*Description of the task*. Below are some records. Return exactly their lines from the one containing "Arbogast Jitterbug Topwater" through the one containing "JACK by BB DAKOTA", and drop the pictures.

*Data provided*.
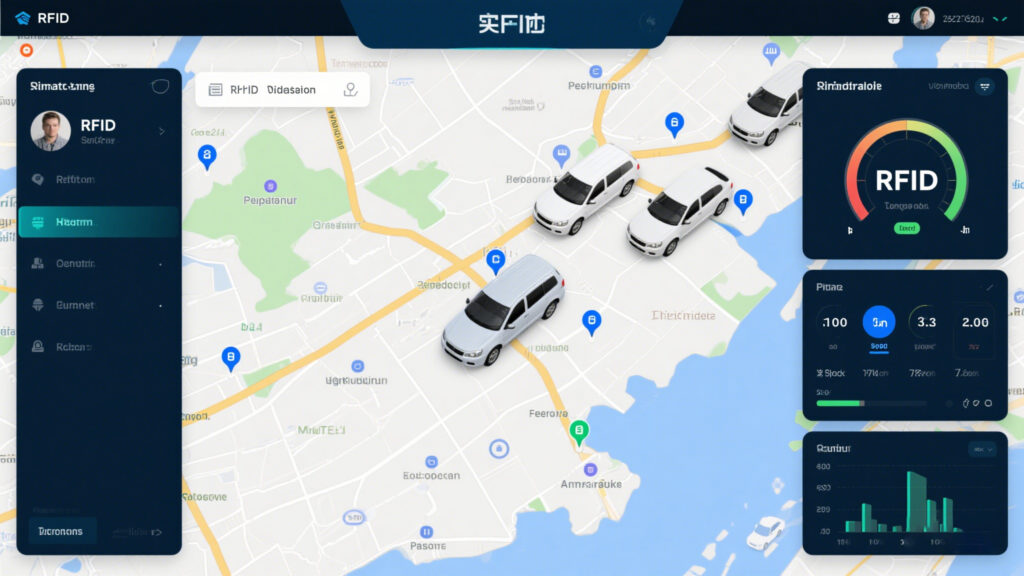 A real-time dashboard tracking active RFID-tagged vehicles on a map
--
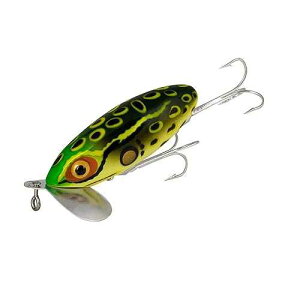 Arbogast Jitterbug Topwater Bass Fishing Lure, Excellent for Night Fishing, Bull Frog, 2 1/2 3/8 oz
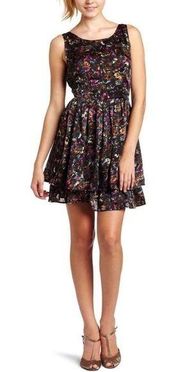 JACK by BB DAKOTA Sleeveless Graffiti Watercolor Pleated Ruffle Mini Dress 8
--
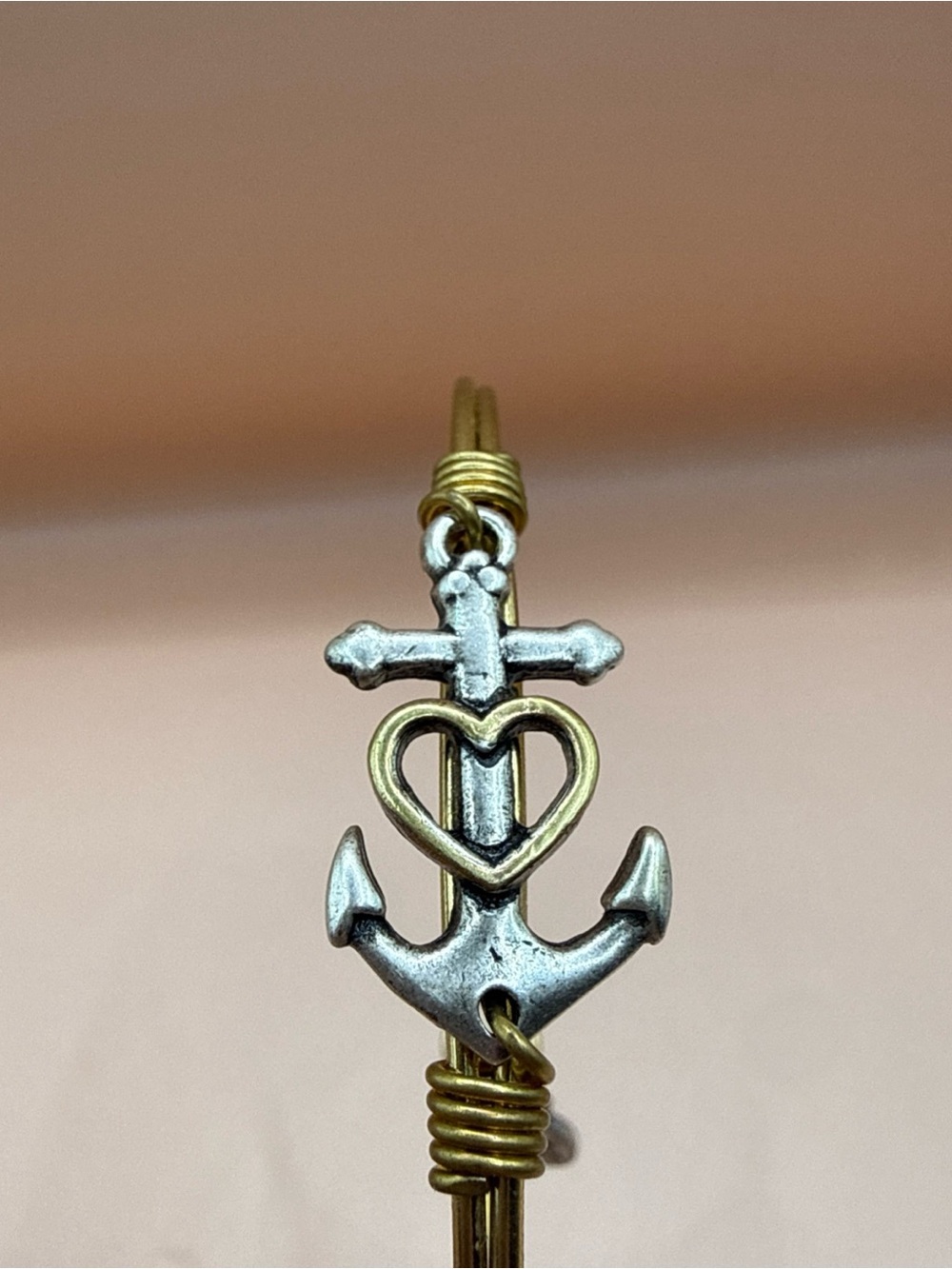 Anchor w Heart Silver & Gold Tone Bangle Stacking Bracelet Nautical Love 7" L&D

*Response to this task*.
 Arbogast Jitterbug Topwater Bass Fishing Lure, Excellent for Night Fishing, Bull Frog, 2 1/2 3/8 oz
 JACK by BB DAKOTA Sleeveless Graffiti Watercolor Pleated Ruffle Mini Dress 8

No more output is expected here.